Fakultas Tarbiyah & Ilmu Keguruan | IAIN Pekalongan

Perlunya LITERASI BARU Menghadapi Era Revolusi Industri

E-mail Print PDF

Perlunya LITERASI BARU Menghadapi Era Revolusi Industri 4.0
Oleh Abdul Razak Wakil Dekan 1 UIN SYARIFHIDAYATULLAH

 

Saat ini kita tengah memasuki era revolusi industri 4.0 yaitu era dimana dunia industri digital telah menjadi suatu paradigma dan acuan dalam tatanan kehidupan saat ini. Era revolusi  industri 4.0 hadir bersamaan dgn era disrupsi.

Untuk menghadapi revolusi industri 4.0 atau era disrupsi diperlukan LITERASI BARU selain literasi lama. Literasi lama  yg ada saat ini digunakan sebagai modal utk berkiprah di kehidupan masyarakat.

Literasi lama mencakup kompetensi CALISTUNG. Sedangkan LITERASI BARU  mencakup literasi data, literasi teknologi dan literasi manusia.

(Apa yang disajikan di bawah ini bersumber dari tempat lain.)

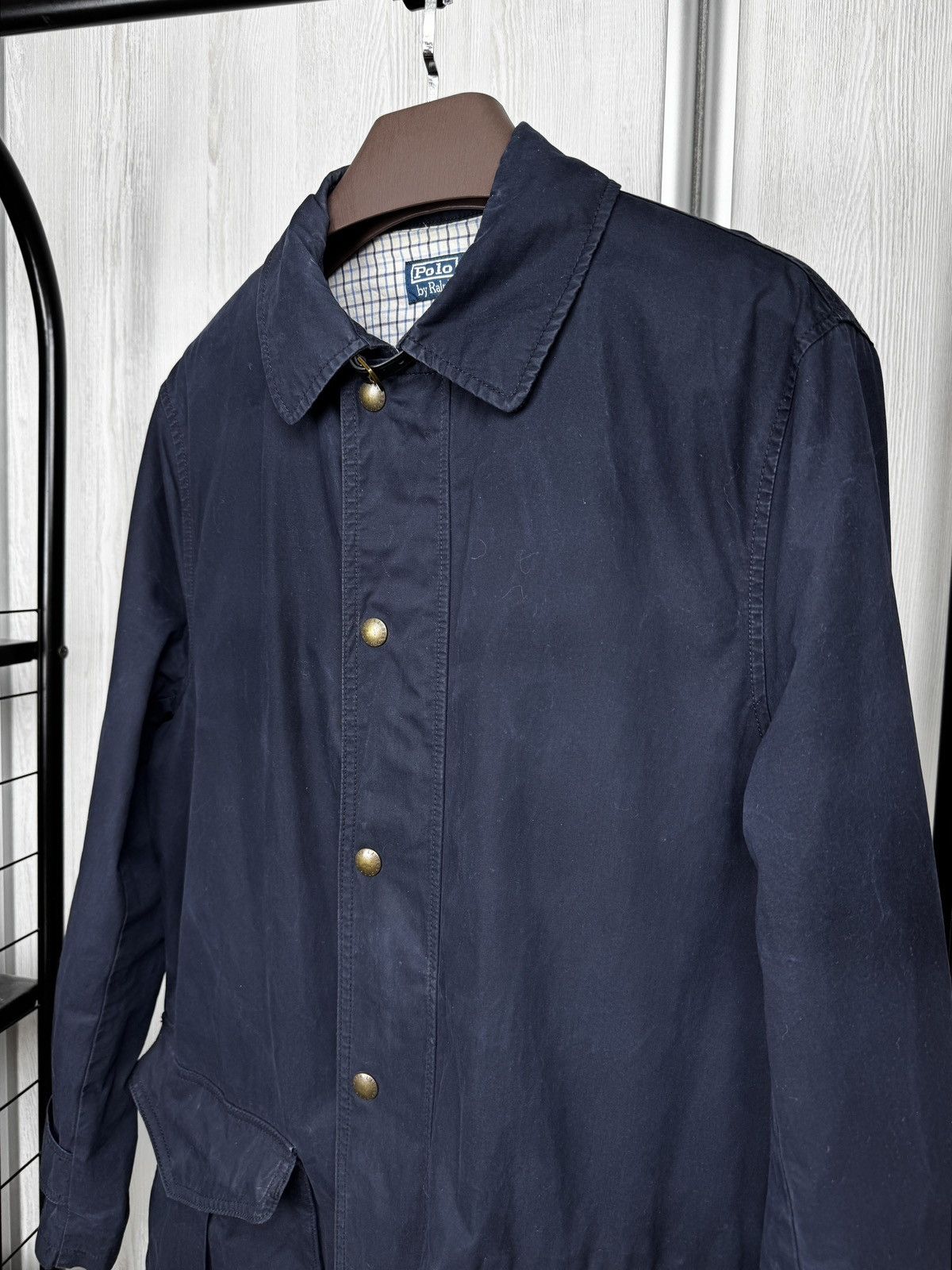 Polo Ralph Lauren Polo Ralph Lauren vintage navy blue cotton long jacket sz M Size US M / EU 48-50 / 2 - 6 Thumbnail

Literasi data terkait dengan kemampuan membaca, menganalisis dan membuat konklusi berpikir berdasarkan data dan informasi (big data) yg diperoleh. Literasi teknologi terkait dengan kemampuan memahami cara kerja mesin. Aplikasi teknologi dan bekerja berbasis produk teknologi utk mendapatkan hadil maksimal. Literasi manusia terkait dengan kemampuan komunikasi, kolaborasi, berpikir kritis, kreatif dan inovatif.

Utk itu tugas dunia pendidikan saat ini melalui proses pembelajarannya bukan hanya menekankan pada penguatan kompetensi  literasi lama tetapi secara simultan mengokohkan pada penguatan LITERASI BARU yang menyatu dalam penguatan kompetensi bidang keilmuan dan keahlian atau profesi.

Dengan demikian perlu adanya reorientasi baru dalam  penyelebggaraan pendidikan baik pada pendidikan dasar, menengah dan tinggi. Agar dunia pendidikan tetap memiliki daya relevansi yg tinggi dalam era revolusi industri 4.0 atau era disrupsi para pendidik (guru dan dosen) dalam proses pembelajaran perlu mengintegrasi capaian pembelajaran tiga bidang secara simultan dan terpadu yaitu capaian bidang literasi lama, literasi baru dan literasi keilmuan. Bila tidak kemungkinan lulusannya akan mengalami ileterasi.